The loss landscapes of deep neural networks are highly complex and the geometric properties of them are underexplored. Mode connectivity finds that there are high accuracy pathways that connect the optima found by training independent models. The pathways between these modes can be approximated with simple curves. These paths challenge the prevailing notion of isolated local optima in high-dimensional loss landscapes.

Key Ideas

Let $\hat{w}_1$ and $\hat{w}_2$ be the weights for two independently trained networks minimized by some loss $\mathcal{L}(w)$. Let $\phi_{\theta}: [0,1] \rightarrow \mathbb{R}^{|w|}$ be a continuous piecewise smooth parametric curve with parameters $\theta$ that correspond to the network weights $\phi_{\theta}(0) = \hat{w}_1$ and $\phi_{\theta}(1) = \hat{w}_2$. The high accuracy pathway is described by the set of curve parameters $\theta$ that minimize the expectation of the loss with respect to a uniform distribution on the curve.

$$ l(\theta) = \int_0^1 \mathcal{L}(\phi_{\theta}(t))dt $$

Many parameterizations are possible with the polygonal chain and the bezier curve being used as an example in the paper. A quadratic Bezier curve provides a natural and smooth parameterization.

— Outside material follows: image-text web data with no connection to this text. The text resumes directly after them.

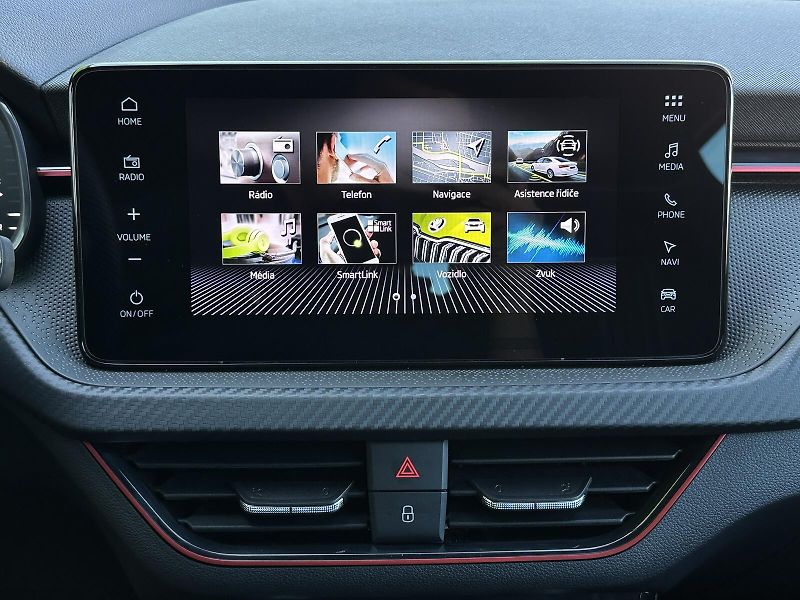 Škoda Scala 1.5TSi Monte Carlo 150PS NAVI - fotka 37 z 56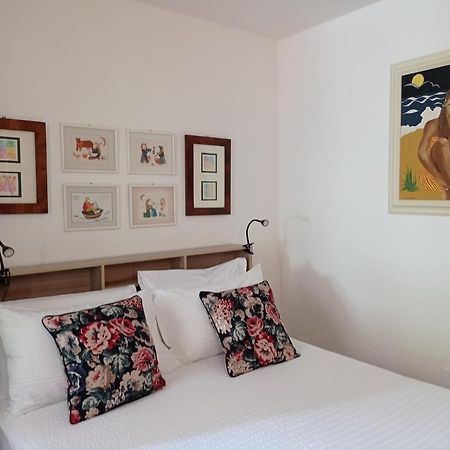 B&B S. Trinita 18 Suites & Rooms Тренто Экстерьер фото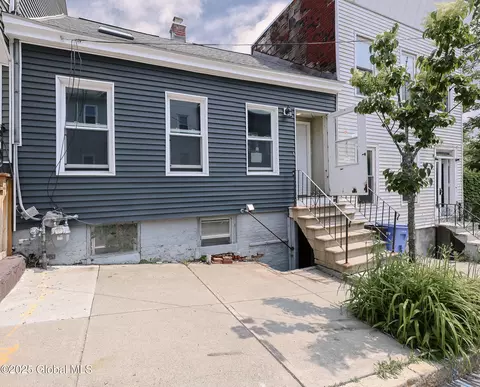 5 Cuyler St, Albany, NY 12202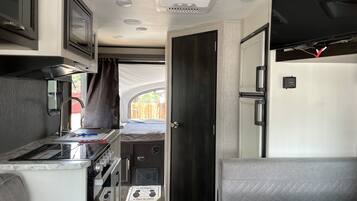 Kühlschrank, Mikrowelle, Ofen, Kochgeschirr/Geschirr/Besteck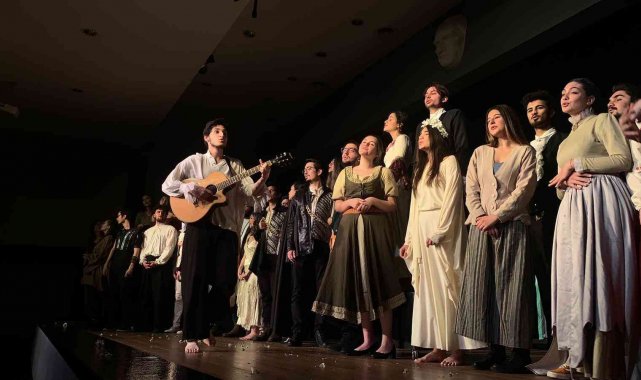 Üniversiteli gençlerden tiyatro festivali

$$ \phi_{\theta}(t) = (1-t)^2 \hat{w}_1 + 2t(1-t)\theta + t^2 \hat{w}_2, 0 \leq t \leq 1 $$

The parameters of the curve are optimized with a standard gradient descent based approach where $\bar{t}$ is sampled from the uniform distribution $U(0, 1)$ at each itearation and steps are taken with respect to the loss $\mathcal{L}(\phi_{\theta}(\bar{t}))$.

These high accuracy pathways can be leveraged to construct low-cost ensembles via a snapshot ensemble style algorithm. Cyclic learning rate schedules are used where large learning rates encourage movement in weight space while the small rates promote convergence to accurate local minima. The learning rate schedule is a shifted annealed cosine where $\alpha_0$ is the initial learning rate, $t$ is the iteration number, $T$ is the total number of iterations, and $M$ is the number of cycles.

$$ \alpha(t) =\frac{\alpha_0}{2} \left( cos \left( \frac{\pi mod(t-1, \lceil T/M \rceil )}{\lceil T/M \rceil} \right) + 1 \right) $$

The minima found through this procedure are then used as endpoints for the curve fitting algorithm and all the weights found along the curve can be used to form independent ensemble members. This approach enables much larger ensembles of accurate members without needing to train for additional epochs.